The rules returned by association_rules() are in the form (antecedents) => (consequents) and are extracted based on the considerations made for the previous exercise: we can use the previous code to compute the confidence for any of the presented association rules, and check whether we have a match with the results obtained. Consider the association rules 1731 => 1732 and 1732 => 1731.

In [22]:
M = df.values # matrix from the df dataframe
support_1731 = len(M[M[:, 1731] == 1])/len(M)
support_1732 = len(M[M[:, 1732] == 1])/len(M)
support_both = len(M[(M[:, 1731] == 1) & (M[:, 1732] == 1)])/len(M)
print(f"Confidence 1731 => 1732: {support_both / support_1731}")
print(f"Confidence 1732 => 1731: {support_both / support_1732}")

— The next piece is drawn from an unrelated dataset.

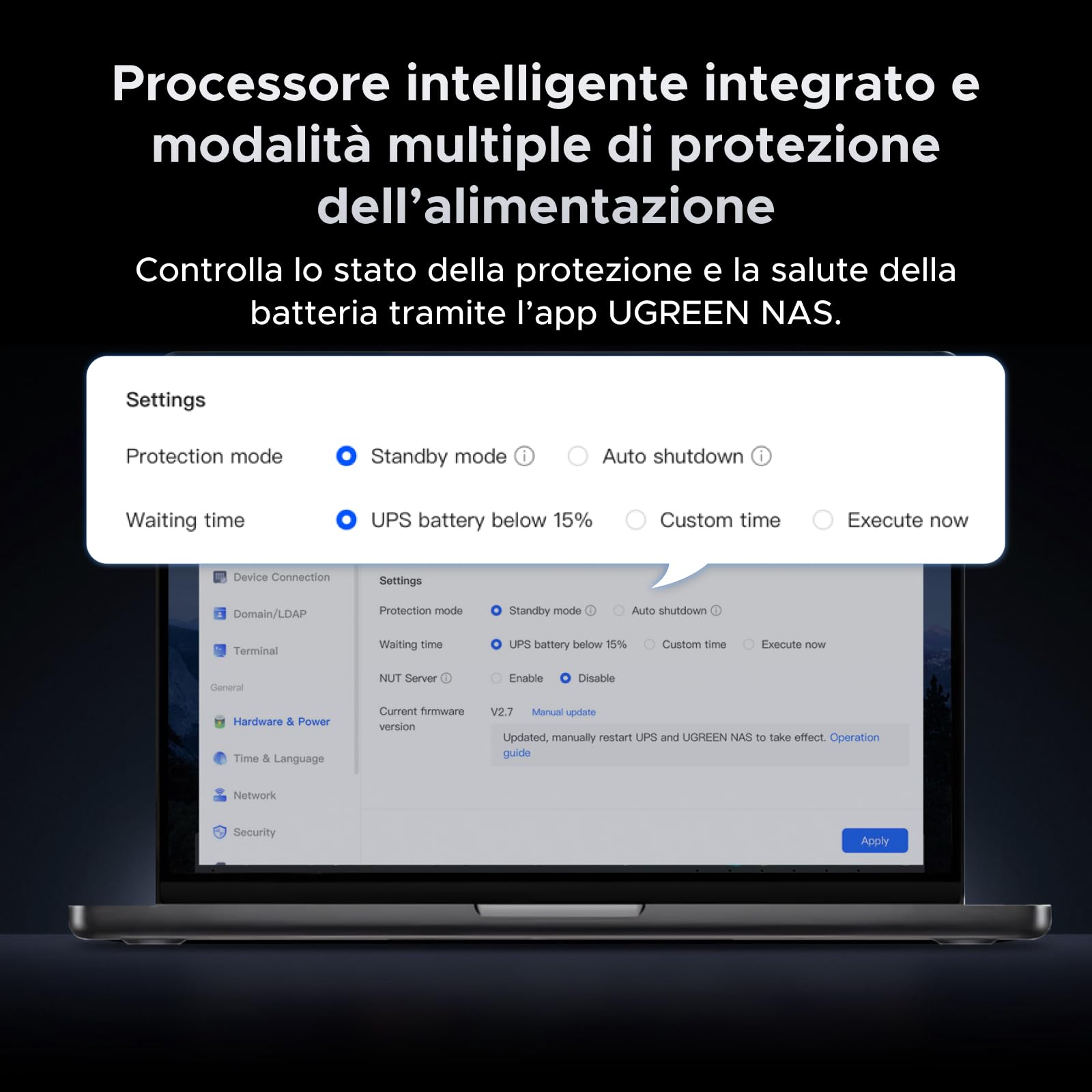 ugreen-nasync-us2000-ups-72w-per-nas-ugreen-con-protezione-sovratensione-e-contr image 5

Confidence 1731 => 1732: 0.9208333333333334
Confidence 1732 => 1731: 0.9324894514767933


#### Exercise 2.1.8
(*) Rerun the experiments from point 4 with apriori() (documentation on the official website). Do the results match with the ones found by FP-Growth? Is Apriori faster or slower than FP-Growth?

In [23]:
from mlxtend.frequent_patterns import apriori
from timeit import timeit

print("FP-growth", timeit(lambda: fpgrowth(df, 0.01), number=1), "seconds")
print("Apriori", timeit(lambda: apriori(df, 0.01), number=1), "seconds")

FP-growth 2.111715125007322 seconds
Apriori 12.719232167000882 seconds


In [24]:
fi_apriori = apriori(df, 0.02)
fi_fpgrowth = fpgrowth(df, 0.02)
len(fi_apriori), len(fi_fpgrowth)

(303, 303)

We could have a first quantitative feedback on whether the two results are the same by observing the number of results we obtained. Indeed, both return 303 elements, meaning that the two algorithms are at least in accordance with the number of frequent itemsets that can be extracted.